Having possession of the puck improves your chances for a few seconds, but it doesn’t really address the issue. Teams obtain possession of the puck in their own end dozens of times during a game. If that strategy works in the last minute, there’s no reason why it wouldn’t work in the first minute. Why not pull your goalie every time you have possession of the puck and start a rush out of your own end? Because the other team might get the puck back and score on you? How is this different in the last minute of a hockey game?

I suppose you could argue that 60 seconds is not long enough for the other team to get a good shot at your net. If that was true, we would rarely see an empty net goal. But we see them all the time.

There is another weird consideration. The defending team will quite often change it’s style of play as well– though not as much as they used to. The defending team will suddenly retreat behind their own blue line and form a box. When they get possession, instead of rushing down the ice and trying to score– precisely what the attacking team does not want them to do– they skate up to centre and then take a pot shot at the net. Often, they take the opportunity to change lines, on the weird assumption that the other team is going to get the puck back almost immediately and renew the attack.

The shot from centre doesn’t go in very often because usually one or more members of the attacking team are able to get back on time to block it, and the defending team doesn’t try to create a sustained counter-attack. But it does go in often enough to really finish off the team that is trailing.

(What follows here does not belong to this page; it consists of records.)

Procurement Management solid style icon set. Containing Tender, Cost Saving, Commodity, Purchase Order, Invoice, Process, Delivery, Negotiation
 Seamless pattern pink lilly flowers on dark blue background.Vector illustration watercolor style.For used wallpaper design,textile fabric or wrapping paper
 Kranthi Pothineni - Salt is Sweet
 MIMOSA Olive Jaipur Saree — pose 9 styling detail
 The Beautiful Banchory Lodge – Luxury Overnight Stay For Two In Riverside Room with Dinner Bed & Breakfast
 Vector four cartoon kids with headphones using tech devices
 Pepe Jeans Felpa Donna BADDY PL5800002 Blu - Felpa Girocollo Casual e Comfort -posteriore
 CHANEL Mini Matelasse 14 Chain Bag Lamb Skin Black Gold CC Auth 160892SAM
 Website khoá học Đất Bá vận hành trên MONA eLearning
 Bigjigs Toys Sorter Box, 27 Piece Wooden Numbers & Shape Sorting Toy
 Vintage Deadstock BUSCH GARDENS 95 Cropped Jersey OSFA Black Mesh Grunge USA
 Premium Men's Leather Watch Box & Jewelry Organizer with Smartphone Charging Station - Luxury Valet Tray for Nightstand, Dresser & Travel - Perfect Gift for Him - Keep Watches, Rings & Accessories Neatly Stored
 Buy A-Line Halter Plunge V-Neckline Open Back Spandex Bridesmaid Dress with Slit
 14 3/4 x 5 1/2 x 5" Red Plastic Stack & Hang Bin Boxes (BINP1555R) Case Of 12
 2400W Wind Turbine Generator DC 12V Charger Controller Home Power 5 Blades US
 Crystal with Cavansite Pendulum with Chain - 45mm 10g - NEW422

We will never know the truth until some coach somewhere decides to go a season or two without ever pulling the goalie. But that would require genuine leadership. It would require genuinely independent thought. It would require someone unafraid of heresy.


The NHL does not even know when the first goalie was pulled. The New York Rangers, coached by Frank Boucher, are credited with inventing the move, in 1939 or 1940 or 1941 (like I said, the NHL doesn’t know).

I wrote here that nobody tries this strategy at any time other than the end of the game, but there was a game, years ago, in which the strategy was employed throughout. The circumstances were thus: two teams were going to be tied in points on the last day of the regular season. The team with the most goals (not the best differential, I note) would be the one to advance to playoffs. So when one team realized it was going to lose this critical game, they began to pull their goalie at every opportunity, in order to try to score as many goals as possible. Think about that. In other words, they acted as if pulling the goalie really was a good strategy. But if I remember correctly, they gave up as many or more goals than they scored.

The result, of course, was a chaotic, bizarre game that called the very integrity of the sport into question. The NHL changed the rules next year to ensure that this circus would not happen again.

[Added 2008-11]

It took me a while, but I finally found an online reference to that game referred to above. It was New York in 1970, in the 1969-70 season. Eddie Giacomin was in — or out of goal. The reference I found didn’t mention the other team involved or the final score.

I came across a report about a study last year that claimed to objectively prove that the strategy of pulling your goalie was, in fact, demonstrably effective. I won’t be convinced until I have a look at the study.

[Added 2022-05]

I did find that study and analyzed it.  The study shows only a tiny, marginal benefit to pulling the goalie.  But the study has one very significant flaw:  not one single NHL team will not pull their goalie in the final minute of a close game so it cannot compare the results with teams that do.  However, the in KHL (Russian NHL) pulling the goalie is quite rare: the prevailing belief there is that it is not a net benefit.